Furthermore, the response of such units to a requirement for a change in the rate of heat transfer to the fluid is comparatively slow due to the appreciable heat capacity of the heating element itself, to the need to limit the element centre temperature to avoid melting the electrical conductor, and to the need to avoid high surface temperatures of the element sheath. This slow response can have a controlling influence on production cycle times when such temperature control units are used to heat moulds and dies in a production run of identical components.
The invention largely overcomes these limitations by removing the sheathed metal element and replacing it with a fluid permeable fibrous electric heating element, and circulating the fluid through the body of the permeable heating element instead of over the external surface only.

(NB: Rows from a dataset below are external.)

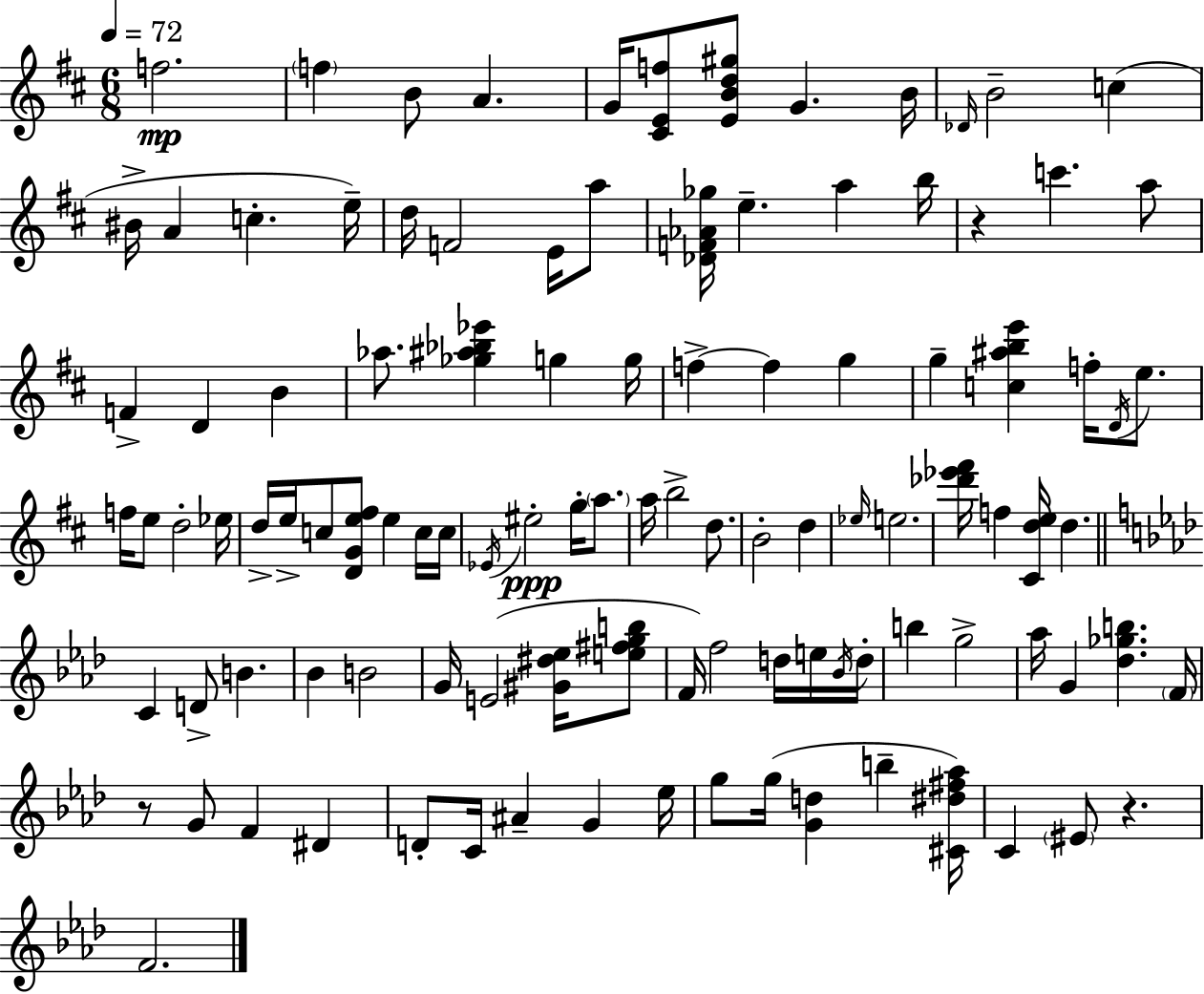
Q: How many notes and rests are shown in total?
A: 107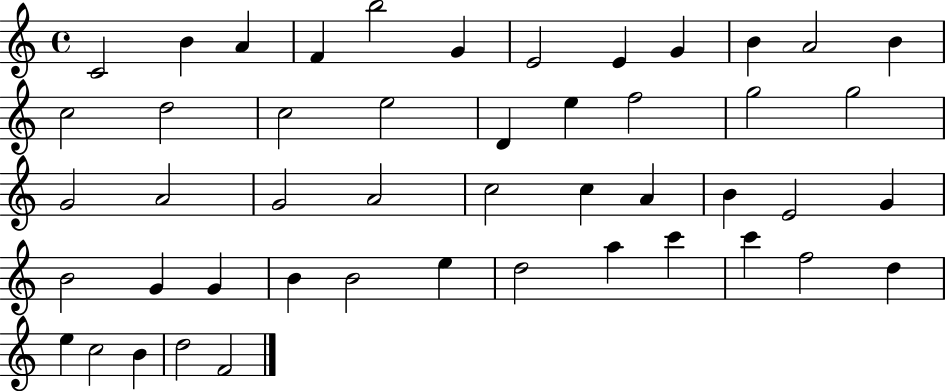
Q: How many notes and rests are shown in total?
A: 48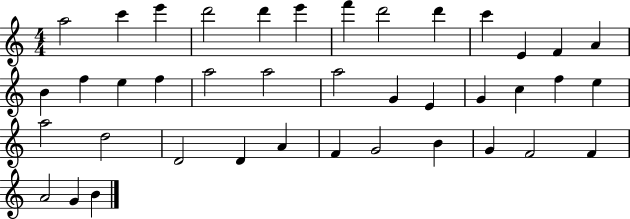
X:1
T:Untitled
M:4/4
L:1/4
K:C
a2 c' e' d'2 d' e' f' d'2 d' c' E F A B f e f a2 a2 a2 G E G c f e a2 d2 D2 D A F G2 B G F2 F A2 G B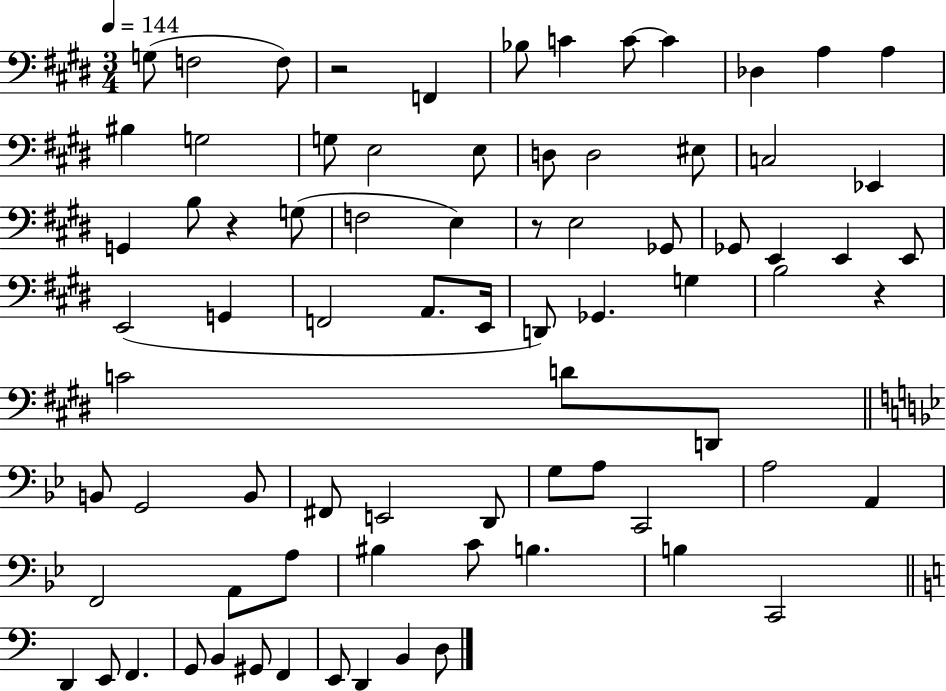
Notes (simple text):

G3/e F3/h F3/e R/h F2/q Bb3/e C4/q C4/e C4/q Db3/q A3/q A3/q BIS3/q G3/h G3/e E3/h E3/e D3/e D3/h EIS3/e C3/h Eb2/q G2/q B3/e R/q G3/e F3/h E3/q R/e E3/h Gb2/e Gb2/e E2/q E2/q E2/e E2/h G2/q F2/h A2/e. E2/s D2/e Gb2/q. G3/q B3/h R/q C4/h D4/e D2/e B2/e G2/h B2/e F#2/e E2/h D2/e G3/e A3/e C2/h A3/h A2/q F2/h A2/e A3/e BIS3/q C4/e B3/q. B3/q C2/h D2/q E2/e F2/q. G2/e B2/q G#2/e F2/q E2/e D2/q B2/q D3/e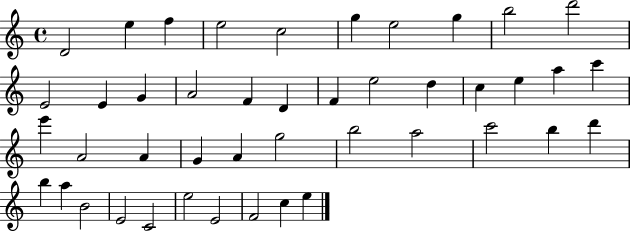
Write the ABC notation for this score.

X:1
T:Untitled
M:4/4
L:1/4
K:C
D2 e f e2 c2 g e2 g b2 d'2 E2 E G A2 F D F e2 d c e a c' e' A2 A G A g2 b2 a2 c'2 b d' b a B2 E2 C2 e2 E2 F2 c e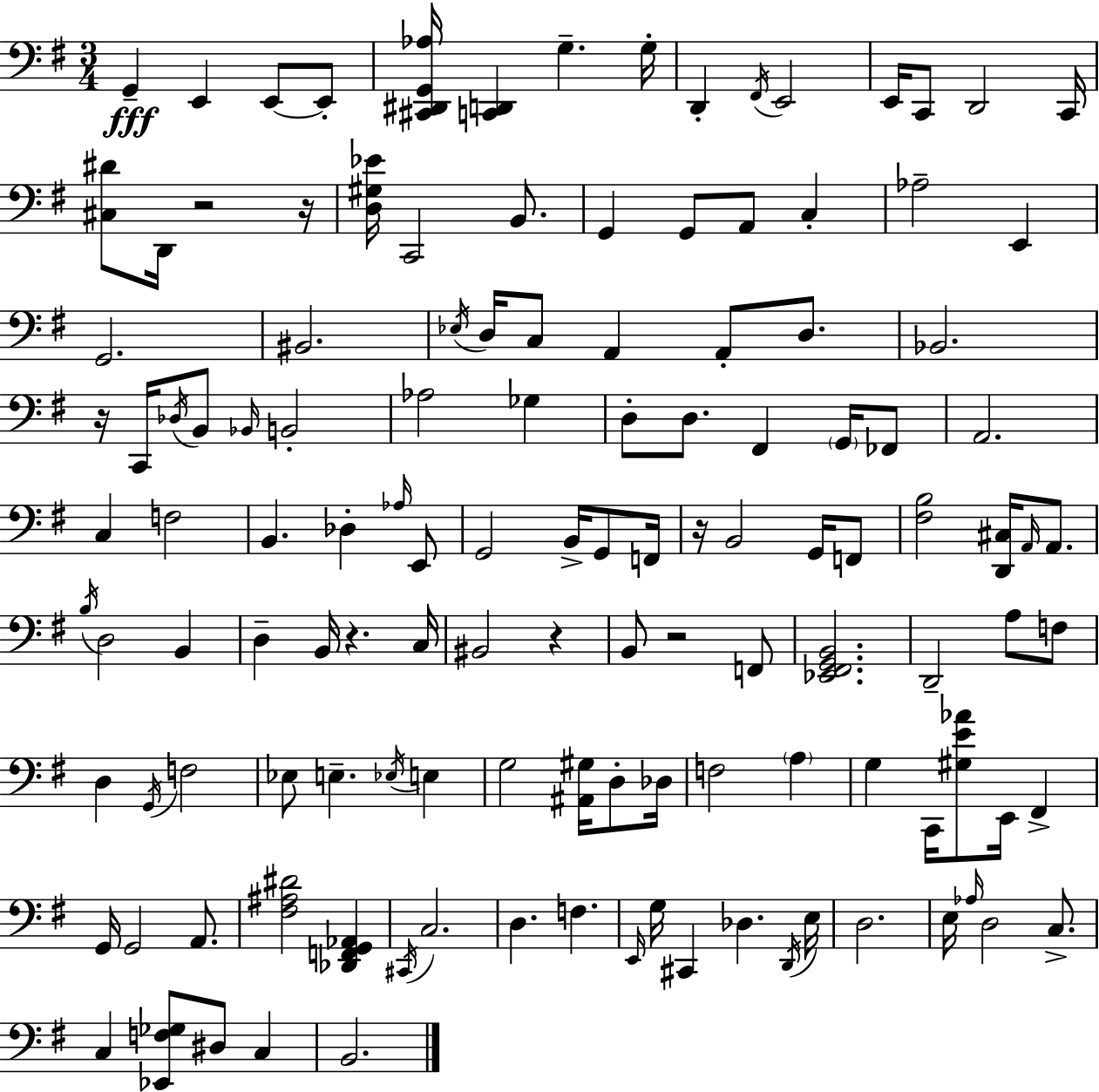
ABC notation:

Power densities exceeding 1 kW/cm.sup.3 of heating element material can then be attained, and this leads not only to a reduction in size and weight of a heating unit for a given duty but also a decrease in the response time such that the system can react virtually instantaneously to a demand for a large step increase in the heat generated and transferred to the circulating fluid.

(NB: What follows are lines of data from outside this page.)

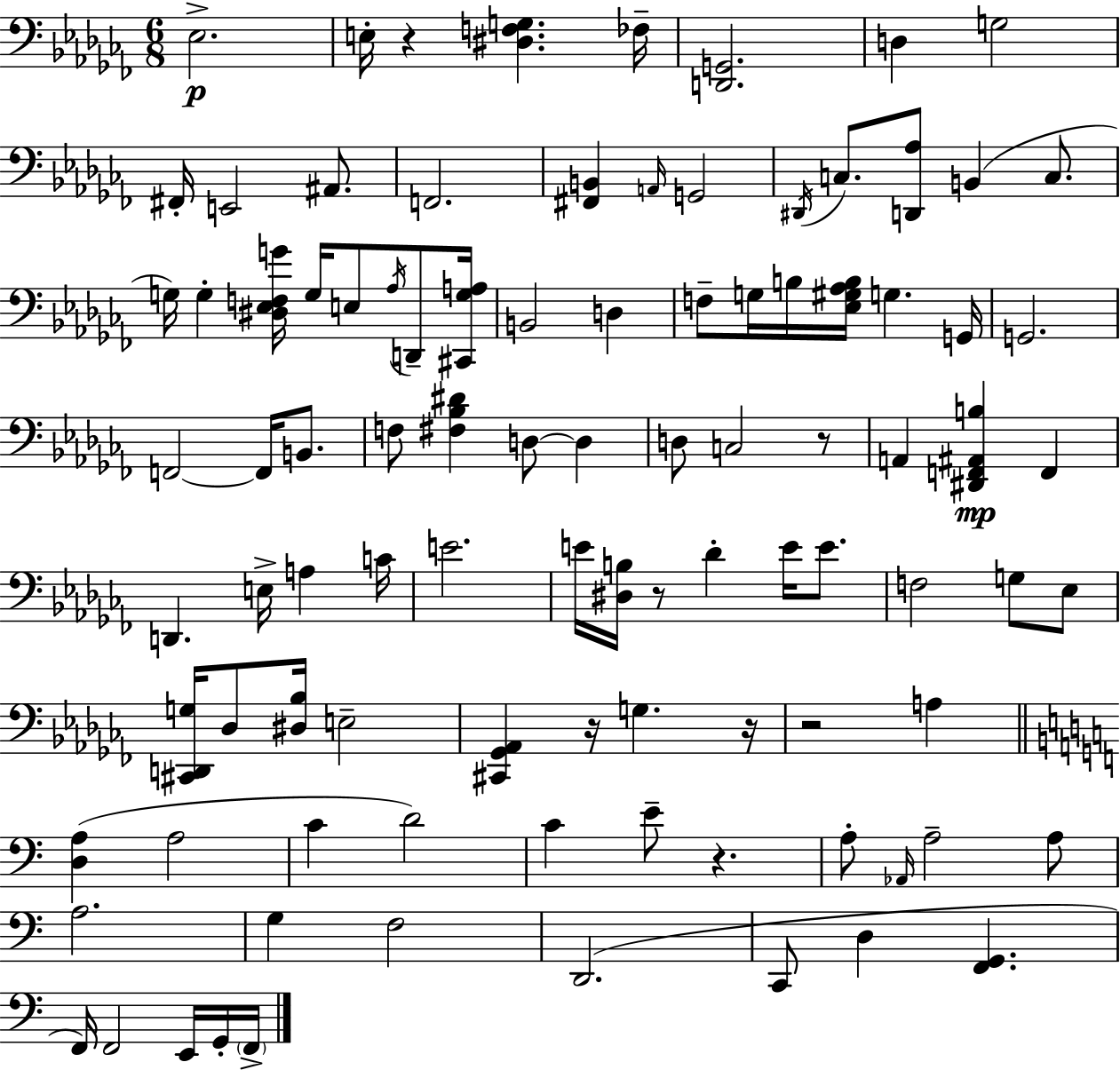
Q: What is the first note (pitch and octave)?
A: Eb3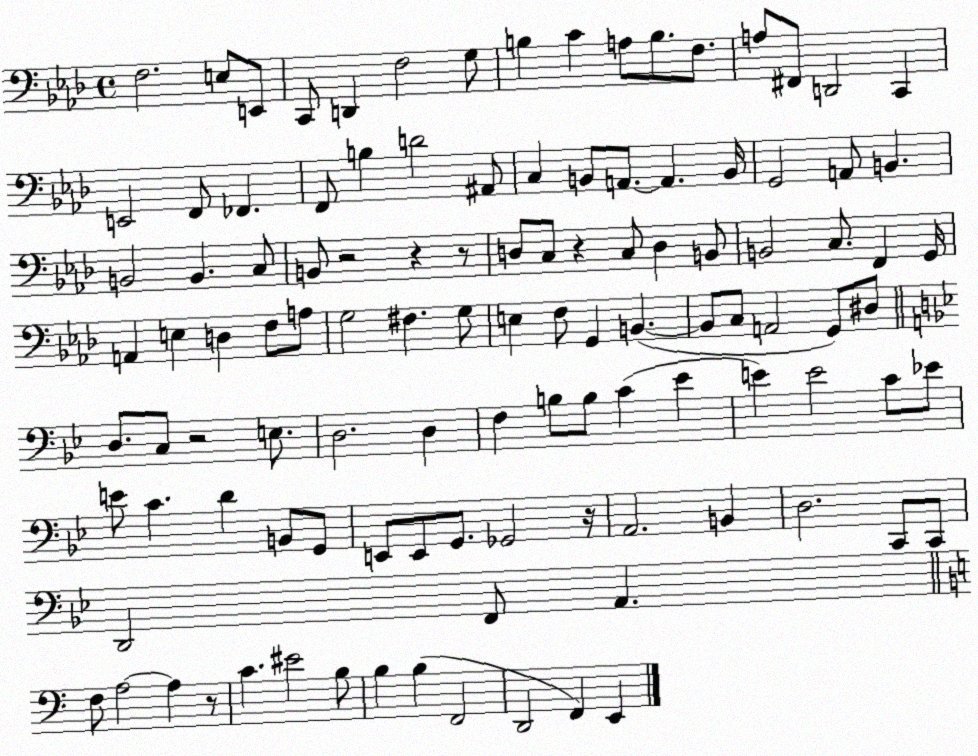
X:1
T:Untitled
M:4/4
L:1/4
K:Ab
F,2 E,/2 E,,/2 C,,/2 D,, F,2 G,/2 B, C A,/2 B,/2 F,/2 A,/2 ^F,,/2 D,,2 C,, E,,2 F,,/2 _F,, F,,/2 B, D2 ^A,,/2 C, B,,/2 A,,/2 A,, B,,/4 G,,2 A,,/2 B,, B,,2 B,, C,/2 B,,/2 z2 z z/2 D,/2 C,/2 z C,/2 D, B,,/2 B,,2 C,/2 F,, G,,/4 A,, E, D, F,/2 A,/2 G,2 ^F, G,/2 E, F,/2 G,, B,, B,,/2 C,/2 A,,2 G,,/2 ^D,/2 D,/2 C,/2 z2 E,/2 D,2 D, F, B,/2 B,/2 C _E E E2 C/2 _E/2 E/2 C D B,,/2 G,,/2 E,,/2 E,,/2 G,,/2 _G,,2 z/4 A,,2 B,, D,2 C,,/2 C,,/2 D,,2 F,,/2 A,, F,/2 A,2 A, z/2 C ^E2 B,/2 B, B, F,,2 D,,2 F,, E,,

A suitable permeable heating element might comprise silicon, silicon carbide, or a mixture of silicon and silicon carbide, or silicon, carbon and silicon carbide, of a voidage of 50-98% and a bulk density of 50-750 Kg/m.sup.3, in which the individual heating elements consist of a matrix of fine or tubular fibres of a diameter in the range 5-300 microns, the space between the fibers providing the voidage. A thermal barrier/dispenser may be used in conjunction with the heating element to produce a uniform fluid flow (See U.K. Patent No. 1 466 240), especially where there is a hydrostatic pressure head variation over the heating element entry surface.

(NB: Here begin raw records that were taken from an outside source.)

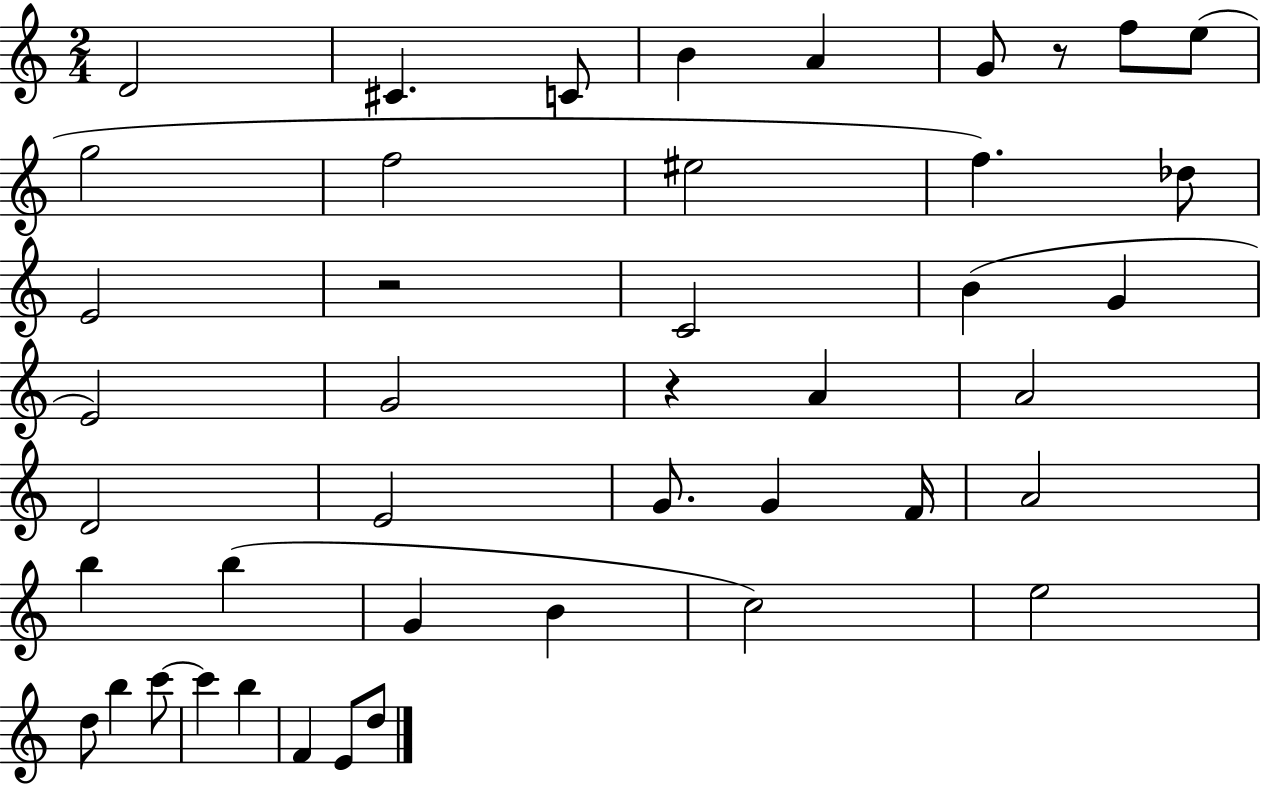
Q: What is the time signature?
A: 2/4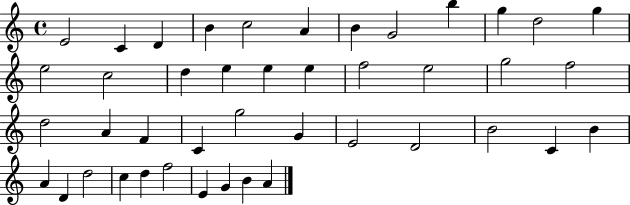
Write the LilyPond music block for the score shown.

{
  \clef treble
  \time 4/4
  \defaultTimeSignature
  \key c \major
  e'2 c'4 d'4 | b'4 c''2 a'4 | b'4 g'2 b''4 | g''4 d''2 g''4 | \break e''2 c''2 | d''4 e''4 e''4 e''4 | f''2 e''2 | g''2 f''2 | \break d''2 a'4 f'4 | c'4 g''2 g'4 | e'2 d'2 | b'2 c'4 b'4 | \break a'4 d'4 d''2 | c''4 d''4 f''2 | e'4 g'4 b'4 a'4 | \bar "|."
}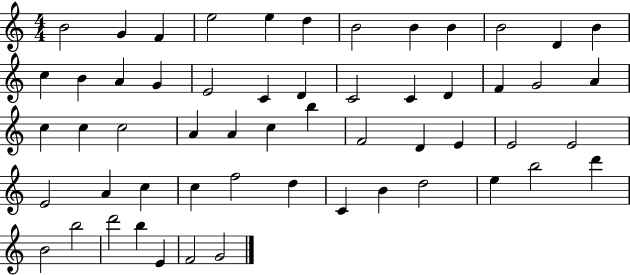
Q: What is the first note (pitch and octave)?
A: B4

It may be desirable to maintain a heat generation rate and a fluid flow rate through the voidage in the heating element which restricts the fluid temperature rise across the heating element to not more than about 50.degree. C., but this is not essential and temperature rises of 2.degree.-300.degree. C. or more are possible with a heating element wall thickness of 2-15 mm for an annular heating element. The heating element may have a predetermined electrical resistivity at a particular temperature, and a particular temperature coefficient of resistance, and may be suitable for mains voltage operation without the need for a transformer.
The system components include a circulating pump, a heating element assembly, valves and pipework with the oil passing in series through the element and the mould, die, extruder, or calender to be heated together with a control system. Such units have been devised and operated at heating element power ratings in the range 1-30 kW for the aforementioned heating element geometry and with a response time of a few seconds. Very compact units can be designed and for the high power units, the small size which is attainable by the use of a high heating element power density rating reduces the cost of construction considerably compared with conventional heat transfer systems.